I need help creating a Capitalization Regular Expression

Yes. The trailing period in any acronyms of my special cases list was the source of the problem. I wondered why Alexander omitted it in his original example macro and thought it was just a typo. Now I see that it was intentional so as to avoid the wildcard match.

BTW: The term "Navy" doesn't need to be added as it gets handled properly just by using the Title Case action. Just in case anyone else is wondering...

Thanx.

Indeed it was a typo, and a very unfortunate one at that, as it made me overlook this edge case, leading to unnecessary confusion here.

As pointed out the trailing word boundary \b creates the problem. This is because the trailing period in "U.S.A." is a non-word-character, therefore searching for: "word boundary followed by literal U.S.A. followed by word boundary" does not match, as there is no word boundary between the trailing period and the end of the string — Nor would it be between the trailing period and a space, or any other non-word character. So "u.s.a." being at the end of your example was not what broke is, as demonstrated by your u.s. government example.
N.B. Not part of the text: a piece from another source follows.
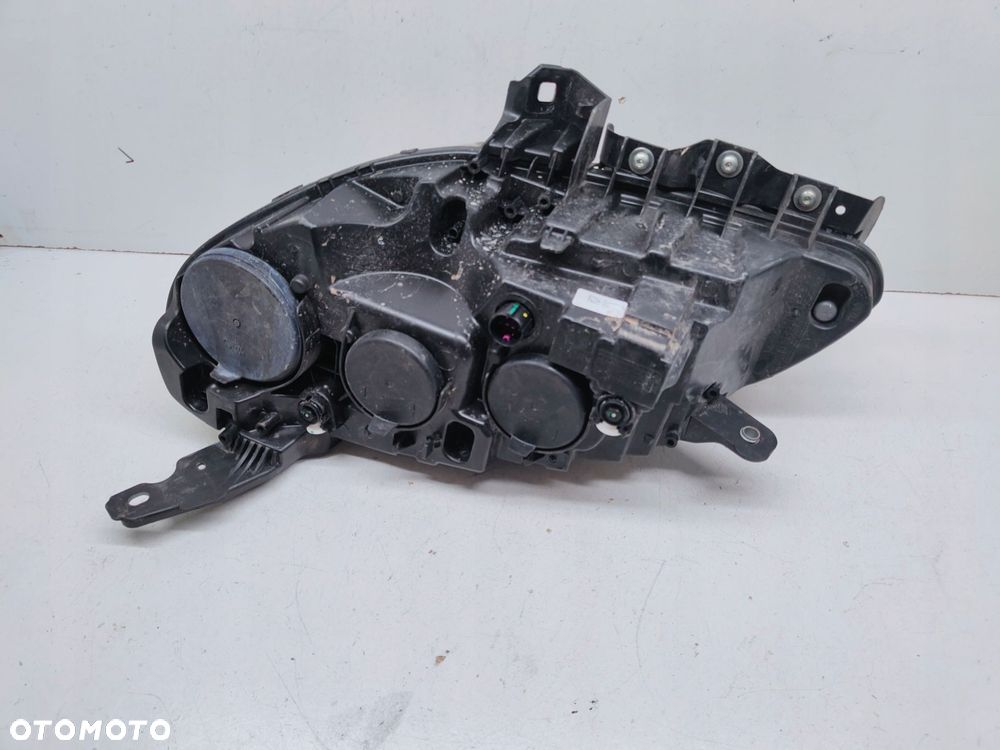 lampa reflektor przód prawy fiat doblo 2015- 51974243 - 5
However simply removing the trailing \b does not work, because searching for "ai" would then also result in matching the first two characters in words like "AId" AIr" and AIkido".

My proposed solution is to swap out both the word boundaries \b with a leading negative lookbehind (?<![[:alpha:]]), and a trailing negative lookahead (?![[:alpha:]]), both looking around for any alphabet character [[:alpha:]] directly in front of or after the specified literal search string.
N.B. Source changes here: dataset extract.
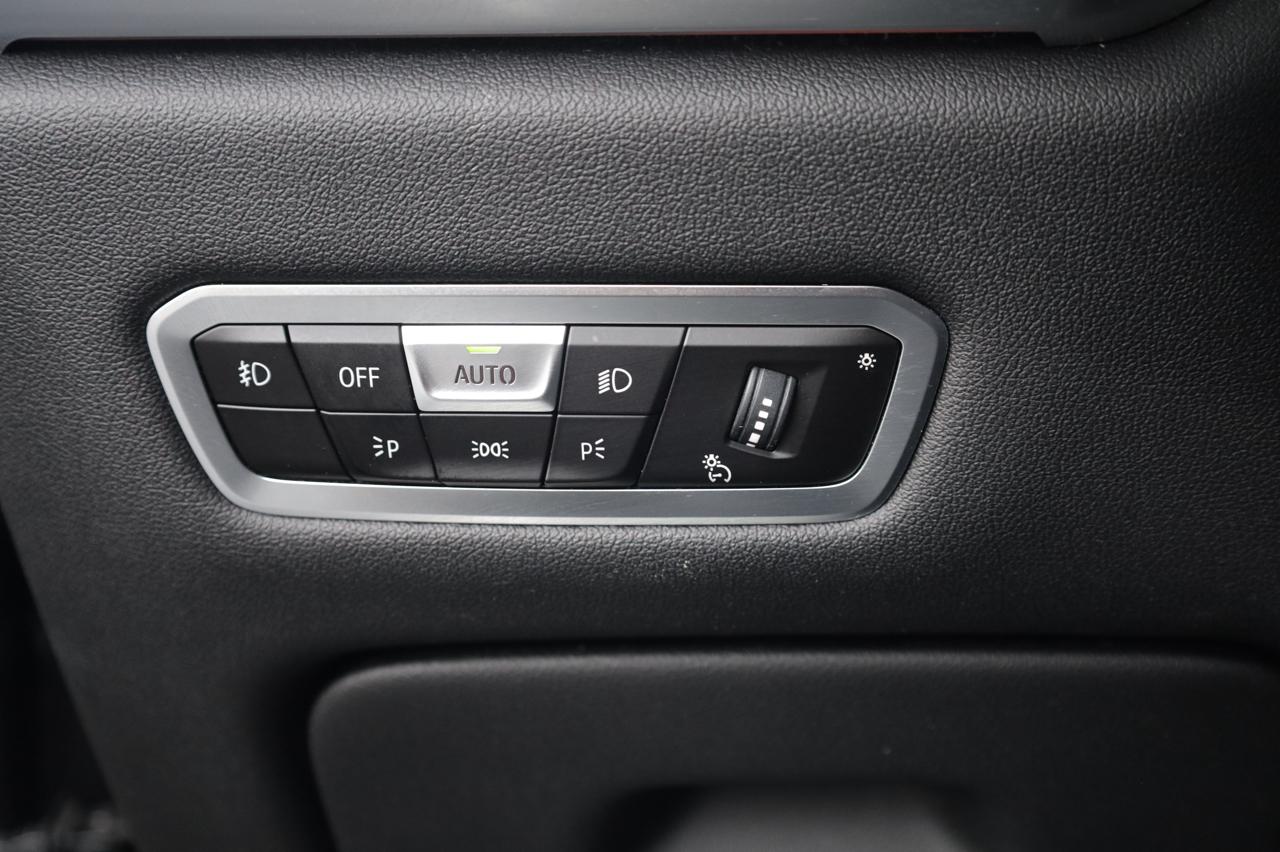 BMW X7 xDrive40i 2019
The search field in the Search and Replace should therefor be set up with the following string:

(?<![[:alpha:]])\Q%Variable%local__specialCase[1]__>__%\E(?![[:alpha:]])

And heres's the updated macro:

Title Case- then deal with special cases v1.2.kmmacros (4.9 KB)
(KM v11.0.3)

Macro Image

EDIT: I've realized that it can make sense to have the look arounds assert for [[:alpha:]] instead of for \w. This is because \w as a character class also includes numbers and underscore. This would lead to "1,024kb" and "101.1MHz" not being matched, event if kb__>__KB and mhz__>__MHz were included in the special cases list. I've updated this post, and the attached macro to reflect this.

2 Likes

Brilliant!

I've updated my last post and it's attached macro, as I realized that it can make sense to have the look arounds assert for [[:alpha:]] instead of for \w. This is because \w as a character class also includes numbers and underscore. This would lead to "1,024kb" and "101.1MHz" not being matched, event if kb__>__KB and mhz__>__MHz were included in the special cases list.